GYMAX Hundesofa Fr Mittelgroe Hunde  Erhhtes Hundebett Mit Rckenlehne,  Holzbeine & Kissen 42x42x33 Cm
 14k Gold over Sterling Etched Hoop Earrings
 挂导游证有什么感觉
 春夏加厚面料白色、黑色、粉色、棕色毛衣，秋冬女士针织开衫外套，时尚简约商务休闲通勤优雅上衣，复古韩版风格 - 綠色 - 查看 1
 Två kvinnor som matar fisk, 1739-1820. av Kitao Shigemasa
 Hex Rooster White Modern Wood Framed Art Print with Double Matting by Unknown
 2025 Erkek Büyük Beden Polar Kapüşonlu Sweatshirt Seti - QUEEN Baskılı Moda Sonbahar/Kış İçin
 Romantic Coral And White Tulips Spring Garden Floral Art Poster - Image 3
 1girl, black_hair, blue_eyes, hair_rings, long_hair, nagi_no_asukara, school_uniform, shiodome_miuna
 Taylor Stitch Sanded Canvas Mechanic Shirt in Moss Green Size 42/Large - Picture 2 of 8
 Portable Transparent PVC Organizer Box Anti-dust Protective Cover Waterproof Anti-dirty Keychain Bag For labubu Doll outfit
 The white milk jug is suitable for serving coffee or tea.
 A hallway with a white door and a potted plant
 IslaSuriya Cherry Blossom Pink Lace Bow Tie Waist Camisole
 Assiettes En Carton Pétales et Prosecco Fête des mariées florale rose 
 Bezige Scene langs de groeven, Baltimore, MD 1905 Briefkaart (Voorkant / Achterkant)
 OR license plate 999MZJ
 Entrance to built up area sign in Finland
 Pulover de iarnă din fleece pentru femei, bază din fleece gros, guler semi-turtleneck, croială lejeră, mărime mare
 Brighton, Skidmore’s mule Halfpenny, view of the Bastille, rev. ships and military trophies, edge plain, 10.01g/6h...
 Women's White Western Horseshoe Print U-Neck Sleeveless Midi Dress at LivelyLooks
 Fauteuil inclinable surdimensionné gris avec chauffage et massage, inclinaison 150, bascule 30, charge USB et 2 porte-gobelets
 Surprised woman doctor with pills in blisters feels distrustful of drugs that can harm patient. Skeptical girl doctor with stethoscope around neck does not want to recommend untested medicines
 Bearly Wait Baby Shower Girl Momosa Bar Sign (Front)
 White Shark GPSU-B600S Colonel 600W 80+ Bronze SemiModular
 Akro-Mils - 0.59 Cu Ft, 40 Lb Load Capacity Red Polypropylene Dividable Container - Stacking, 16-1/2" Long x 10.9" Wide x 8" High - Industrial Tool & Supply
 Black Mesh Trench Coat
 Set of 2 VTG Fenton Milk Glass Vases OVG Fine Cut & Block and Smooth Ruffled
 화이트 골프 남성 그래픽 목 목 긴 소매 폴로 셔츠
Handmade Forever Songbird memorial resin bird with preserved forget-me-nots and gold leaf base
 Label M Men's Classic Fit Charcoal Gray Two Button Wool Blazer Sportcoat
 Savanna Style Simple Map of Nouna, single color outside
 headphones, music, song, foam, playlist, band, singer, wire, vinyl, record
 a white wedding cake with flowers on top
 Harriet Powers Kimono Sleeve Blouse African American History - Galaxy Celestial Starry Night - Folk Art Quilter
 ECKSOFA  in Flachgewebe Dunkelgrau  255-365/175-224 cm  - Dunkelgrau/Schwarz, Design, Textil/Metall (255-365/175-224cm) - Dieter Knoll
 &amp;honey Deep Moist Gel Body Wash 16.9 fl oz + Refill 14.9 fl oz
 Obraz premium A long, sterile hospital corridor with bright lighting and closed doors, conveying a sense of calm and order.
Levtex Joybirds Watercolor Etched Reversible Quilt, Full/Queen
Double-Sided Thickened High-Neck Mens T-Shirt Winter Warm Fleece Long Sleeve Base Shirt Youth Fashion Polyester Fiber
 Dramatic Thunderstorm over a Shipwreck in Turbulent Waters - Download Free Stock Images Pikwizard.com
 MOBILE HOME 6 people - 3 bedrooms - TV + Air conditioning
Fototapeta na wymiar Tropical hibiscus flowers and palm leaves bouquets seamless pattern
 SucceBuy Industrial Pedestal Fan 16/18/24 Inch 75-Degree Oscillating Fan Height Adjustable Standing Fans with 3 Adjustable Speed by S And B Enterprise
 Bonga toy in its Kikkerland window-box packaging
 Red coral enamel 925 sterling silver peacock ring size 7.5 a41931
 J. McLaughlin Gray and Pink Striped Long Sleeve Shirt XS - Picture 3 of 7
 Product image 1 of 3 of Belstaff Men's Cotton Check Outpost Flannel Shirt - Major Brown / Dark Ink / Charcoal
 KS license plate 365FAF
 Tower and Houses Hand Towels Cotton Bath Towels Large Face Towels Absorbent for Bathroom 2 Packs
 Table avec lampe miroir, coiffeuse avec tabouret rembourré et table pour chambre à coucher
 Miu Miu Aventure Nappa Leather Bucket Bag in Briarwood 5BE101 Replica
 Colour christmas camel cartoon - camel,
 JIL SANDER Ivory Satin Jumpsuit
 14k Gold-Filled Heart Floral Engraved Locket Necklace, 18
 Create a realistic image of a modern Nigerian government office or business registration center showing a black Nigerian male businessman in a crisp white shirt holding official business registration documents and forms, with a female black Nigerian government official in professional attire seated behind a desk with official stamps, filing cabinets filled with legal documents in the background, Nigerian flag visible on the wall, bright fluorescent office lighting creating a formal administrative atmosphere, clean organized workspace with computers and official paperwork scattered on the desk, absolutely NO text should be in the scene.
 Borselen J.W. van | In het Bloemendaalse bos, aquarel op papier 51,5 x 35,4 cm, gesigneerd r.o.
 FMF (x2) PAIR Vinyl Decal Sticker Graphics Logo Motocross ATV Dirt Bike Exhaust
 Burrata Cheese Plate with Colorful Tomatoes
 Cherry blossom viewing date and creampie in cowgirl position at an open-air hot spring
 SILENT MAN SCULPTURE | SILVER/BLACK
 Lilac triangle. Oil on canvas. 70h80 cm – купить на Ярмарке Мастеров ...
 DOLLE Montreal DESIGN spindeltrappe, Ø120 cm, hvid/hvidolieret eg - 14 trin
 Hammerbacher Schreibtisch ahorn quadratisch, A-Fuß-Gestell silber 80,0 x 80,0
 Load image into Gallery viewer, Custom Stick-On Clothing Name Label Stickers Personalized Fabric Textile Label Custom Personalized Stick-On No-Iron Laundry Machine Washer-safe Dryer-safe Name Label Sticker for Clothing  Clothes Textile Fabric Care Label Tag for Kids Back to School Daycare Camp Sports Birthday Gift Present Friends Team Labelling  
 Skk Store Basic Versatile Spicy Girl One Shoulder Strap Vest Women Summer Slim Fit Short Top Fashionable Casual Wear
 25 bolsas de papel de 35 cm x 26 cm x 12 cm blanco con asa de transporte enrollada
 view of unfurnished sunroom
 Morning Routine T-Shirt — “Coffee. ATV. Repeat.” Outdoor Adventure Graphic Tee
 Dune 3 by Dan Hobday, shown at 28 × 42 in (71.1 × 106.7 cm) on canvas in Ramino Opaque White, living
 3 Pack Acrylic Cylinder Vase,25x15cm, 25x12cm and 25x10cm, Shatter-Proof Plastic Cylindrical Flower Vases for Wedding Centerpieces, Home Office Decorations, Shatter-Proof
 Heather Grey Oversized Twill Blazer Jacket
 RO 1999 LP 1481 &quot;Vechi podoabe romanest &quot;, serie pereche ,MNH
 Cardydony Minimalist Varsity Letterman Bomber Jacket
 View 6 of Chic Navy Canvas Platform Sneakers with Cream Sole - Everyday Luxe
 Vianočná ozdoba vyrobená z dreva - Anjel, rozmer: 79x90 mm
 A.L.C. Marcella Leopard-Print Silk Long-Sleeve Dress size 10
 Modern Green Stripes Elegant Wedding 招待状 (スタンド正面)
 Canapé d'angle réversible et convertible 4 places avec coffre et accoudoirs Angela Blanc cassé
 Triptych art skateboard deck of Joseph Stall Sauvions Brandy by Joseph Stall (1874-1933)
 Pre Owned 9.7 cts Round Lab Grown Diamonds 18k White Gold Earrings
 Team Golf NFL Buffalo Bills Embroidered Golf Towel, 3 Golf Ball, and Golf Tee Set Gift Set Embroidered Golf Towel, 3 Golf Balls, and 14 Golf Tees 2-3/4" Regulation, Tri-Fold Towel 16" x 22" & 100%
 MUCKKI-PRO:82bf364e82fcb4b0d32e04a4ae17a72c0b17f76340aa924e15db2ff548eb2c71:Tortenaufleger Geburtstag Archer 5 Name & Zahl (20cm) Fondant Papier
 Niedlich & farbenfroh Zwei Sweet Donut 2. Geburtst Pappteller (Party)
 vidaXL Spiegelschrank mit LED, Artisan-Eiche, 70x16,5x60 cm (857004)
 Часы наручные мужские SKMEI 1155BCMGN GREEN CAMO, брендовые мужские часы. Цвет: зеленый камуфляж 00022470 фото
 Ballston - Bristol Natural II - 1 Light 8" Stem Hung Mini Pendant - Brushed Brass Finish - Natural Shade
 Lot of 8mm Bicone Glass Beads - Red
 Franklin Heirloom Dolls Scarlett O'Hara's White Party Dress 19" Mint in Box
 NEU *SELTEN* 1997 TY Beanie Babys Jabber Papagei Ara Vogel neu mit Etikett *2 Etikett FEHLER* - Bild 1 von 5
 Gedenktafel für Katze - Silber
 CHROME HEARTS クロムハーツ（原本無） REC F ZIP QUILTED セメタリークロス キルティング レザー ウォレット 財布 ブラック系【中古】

§ **TASK ITEM**:
Please copy every line from the entries that includes the word "Women".

§ **EXERCISE SOLUTION**:
 Women's White Western Horseshoe Print U-Neck Sleeveless Midi Dress at LivelyLooks
 Skk Store Basic Versatile Spicy Girl One Shoulder Strap Vest Women Summer Slim Fit Short Top Fashionable Casual Wear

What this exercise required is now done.